Brain-controlled functional electrical stimulation for hand use in spinal cord injury: Opportunities and challenges

Event Date:
November 6th 1:00 PM - 2:00 PM

CMU Neural Engineering Virtual Seminars 

Speaker: Dr. Lee E. Miller, Professor of Neuroscience, Physical Medicine and Rehabilitation, and Biomedical Engineering, Northwestern University

 Abstract: Existing intracortical Brain Computer Interfaces (iBCIs), are remarkable, but require the user to be wired to stationary equipment and allow only limited, intermittent control of the motion of a VR avatar or a disembodied robotic limb. A number of years ago we developed an iBCI that used muscle activity predictions to control stimulation of the temporarily paralyzed muscles of a monkey’s hand.
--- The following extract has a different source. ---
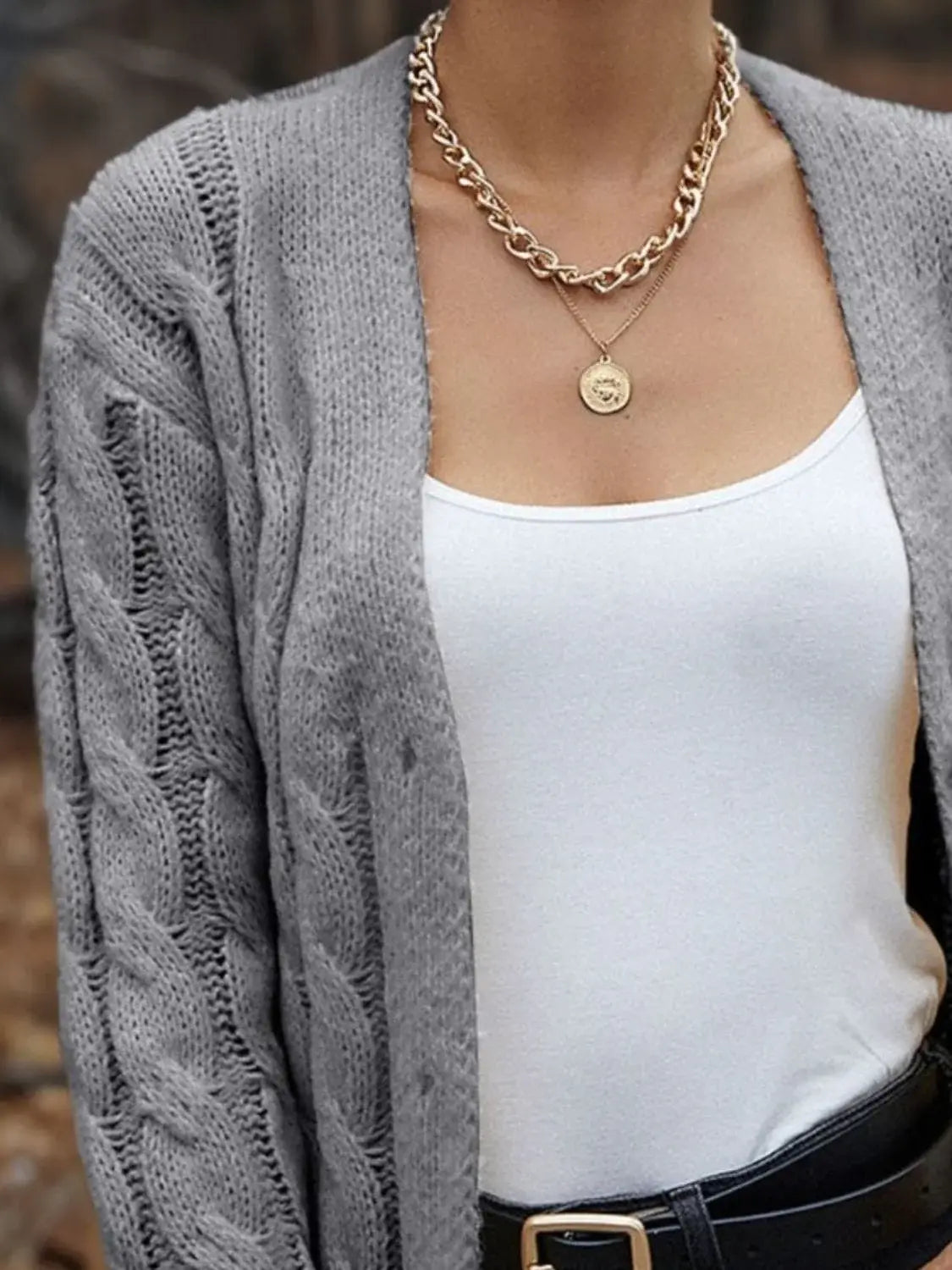 Cable-Knit Button Down Cardigan - Trendsi - Flyclothing LLC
This “Functional Electrical Stimulation” (FES) iBCI allowed the monkeys to control not only the movement of their fingers, but also to exert force, more nearly like the natural control of hand movement than is possible with other existing iBCIs. Beyond the ability to restore voluntary limb movement, there is evidence that tight synchrony between attempted movement and peripheral neuromuscular stimulation may invoke neural plasticity that could accelerate recovery from an actual spinal cord injury. In this talk, I will describe the basic work that led to our proof-of-concept in monkeys, and our further development of the FES iBCI decoder that is applicable to a broader range of the activities of daily living. Finally, I will describe our most recent efforts to translate this technology to humans with spinal cord injury.

 

About the Speaker: Lee E. Miller is a Professor in the Departments of Neuroscience, Physical Medicine and Rehabilitation, and Biomedical Engineering at Northwestern University. He received the Ph.D. degree in Physiology from Northwestern University in 1989, then completed two years of postdoctoral training in the Department of Medical Physics, University of Nijmegen, The Netherlands. He was inducted into the American Institute for Medical and Biological Engineering in 2016 and was the president of the Society for the Neural Control of Movement from 2015 - 2023. Dr. Miller has had a career-long interest in the motor and sensory signals that are generated by single neurons in the brains of monkeys during arm and hand movement. His early work was devoted to studying these signals in the brainstem, cerebral cortex, and cerebellum, and their relation to muscle activity. In the past 20 years, Dr. Miller’s lab has increasingly focused on translational research, in particular, the development of intracortical brain computer interface technology to restore limb movement to paralyzed patients. His interdisciplinary approach has led to productive collaborations locally, nationally, and internationally. Most recently he has begun working with humans with spinal cord injury as part of the Cortical Bionics Consortium. He has authored over 140 manuscripts, book chapters, and review articles.